The 16 classic co-op bugs (host advantage, late-join desync, the singleplayer-assumptions retrofit — with three documented postmortems, misprediction pops, the trust-the-client hole, relevance popping, the shared-interactable race, host-leave data loss, time/weather divergence, the cutscene collision, quest-state contamination, the bandwidth whale, disconnect mid-transaction, the desync iceberg, the netcode-model mismatch, and co-op designed as a single-player afterthought) are cataloged in pitfalls.md with symptom → root cause → prevention.

Related skills

  • progression-economy — server-authoritative transactions and idempotency keys reused for every network op.
  • character-controller — the deterministic tick + intent + snapshot structure that prediction/reconciliation build on.
  • save-persistence — the world-state store feeding the late-join snapshot; server-authoritative as one of its four save models.
  • quest-system — host-only progression, the world-state store the late-join snapshot reads from.
  • world-time-weather — host-clock authority, seed replication.
  • loot-drop-system — the instanced/shared drop matrix, per-player claims.
  • enemy-ai-framework — server-owned AI, per-player threat.
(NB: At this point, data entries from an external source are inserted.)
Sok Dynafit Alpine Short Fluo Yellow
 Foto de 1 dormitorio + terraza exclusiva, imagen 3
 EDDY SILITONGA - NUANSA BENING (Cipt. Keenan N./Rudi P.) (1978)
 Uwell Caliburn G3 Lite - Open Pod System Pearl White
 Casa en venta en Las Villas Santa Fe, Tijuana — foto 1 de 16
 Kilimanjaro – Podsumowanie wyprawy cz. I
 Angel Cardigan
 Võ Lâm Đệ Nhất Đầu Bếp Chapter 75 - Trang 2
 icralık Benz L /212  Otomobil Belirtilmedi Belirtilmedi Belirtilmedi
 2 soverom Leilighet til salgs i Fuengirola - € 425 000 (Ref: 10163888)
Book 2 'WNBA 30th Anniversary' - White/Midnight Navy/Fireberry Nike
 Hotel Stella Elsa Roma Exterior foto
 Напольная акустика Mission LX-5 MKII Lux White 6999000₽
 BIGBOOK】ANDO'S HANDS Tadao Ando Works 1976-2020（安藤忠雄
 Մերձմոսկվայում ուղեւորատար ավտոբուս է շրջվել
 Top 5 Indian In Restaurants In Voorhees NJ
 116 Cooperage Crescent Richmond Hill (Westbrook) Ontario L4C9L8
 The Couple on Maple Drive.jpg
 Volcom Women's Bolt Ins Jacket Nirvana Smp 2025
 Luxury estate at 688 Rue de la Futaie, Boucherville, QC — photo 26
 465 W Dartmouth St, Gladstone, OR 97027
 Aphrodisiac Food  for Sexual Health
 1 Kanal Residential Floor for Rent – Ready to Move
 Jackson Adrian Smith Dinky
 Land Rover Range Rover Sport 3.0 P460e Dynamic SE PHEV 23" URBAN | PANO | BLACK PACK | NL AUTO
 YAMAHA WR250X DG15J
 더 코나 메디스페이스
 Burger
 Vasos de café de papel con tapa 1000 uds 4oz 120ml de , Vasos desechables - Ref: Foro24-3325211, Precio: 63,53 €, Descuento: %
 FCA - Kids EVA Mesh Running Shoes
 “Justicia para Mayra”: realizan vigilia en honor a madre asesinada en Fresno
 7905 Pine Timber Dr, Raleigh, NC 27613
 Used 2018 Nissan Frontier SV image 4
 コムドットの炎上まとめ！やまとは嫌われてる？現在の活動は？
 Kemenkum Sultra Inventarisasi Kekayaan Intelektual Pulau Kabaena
  • scene-flow-manager — the EnterScene handshake the join flow reuses.
  • dialogue-system / cinematic-system — per-player presentation (host cutscenes don't capture guests).
  • camera-system — the multi-target framing rig reused for shared-screen / split-screen co-op (coop-design.md).
  • hud-system — co-op nameplates, player colors, through-wall silhouettes, and pingless ping comms live in the HUD layer.